Disneyland Park expands facial recognition across most gates
Disneyland park has expanded facial-recognition technology at entrances to Disneyland Park and Disney California Adventure after months of limited testing. By Friday, the system was in most entrance lines, and only four lines were spared, shifting how guests get back in after leaving the resort.
Most entrance lines now use it
Disney says the technology is meant to make reentry easier and prevent fraud. The system compares a camera image taken at the entrance with the image saved when a guest first used a ticket or pass, then converts both into unique numerical values to look for a match.
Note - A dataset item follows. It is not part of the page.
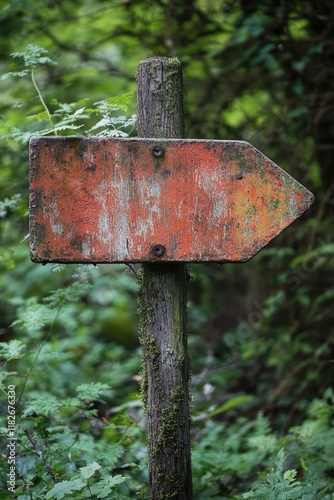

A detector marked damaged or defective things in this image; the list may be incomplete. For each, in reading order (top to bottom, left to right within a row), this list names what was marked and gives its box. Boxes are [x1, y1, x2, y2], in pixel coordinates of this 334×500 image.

Guests who do not want to use facial recognition can enter through non-facial-recognition lanes, where a cast member manually validates their ticket. Disney also says guests may still have their photos taken even when they do not use facial-recognition lanes, and that biometric technology is not used on those images.
Opt-out lanes and posted signs
Disneyland Resort officials said the technology was being used to improve guests’ arrival experience, including re-entry into the park, and said there is signage in the park telling visitors which gates have it. A sign at the park read, “Facial Recognition at Park Entry.” It also said, “Disneyland Resort park entries use facial recognition technology. Use of these lanes is optional.”
The same sign directed guests who do not wish to participate to the lane with overhead signage showing a silhouette with a line crossed through the middle. Some guests told the Los Angeles Times they did not realize they could avoid the system before entering the lines, which leaves the opt-out available in practice but not always obvious at the point of entry.
Privacy limits for minors
Disney says it deletes the numerical data within 30 days unless it must be kept for legal or fraud-prevention purposes. Guests under 18 can use the system only with parent or guardian consent, and California guidance treats biometric information processed to identify a consumer as sensitive personal information with a right to limit its use and disclosure.
A visitor told the Los Angeles Times the system is “a little scary,” and a mother said she felt uneasy when it was used for her young children. That reaction lands at the same moment Disney is widening use across the gates, which makes the signage and lane choice the difference between walking into the new system and stepping around it.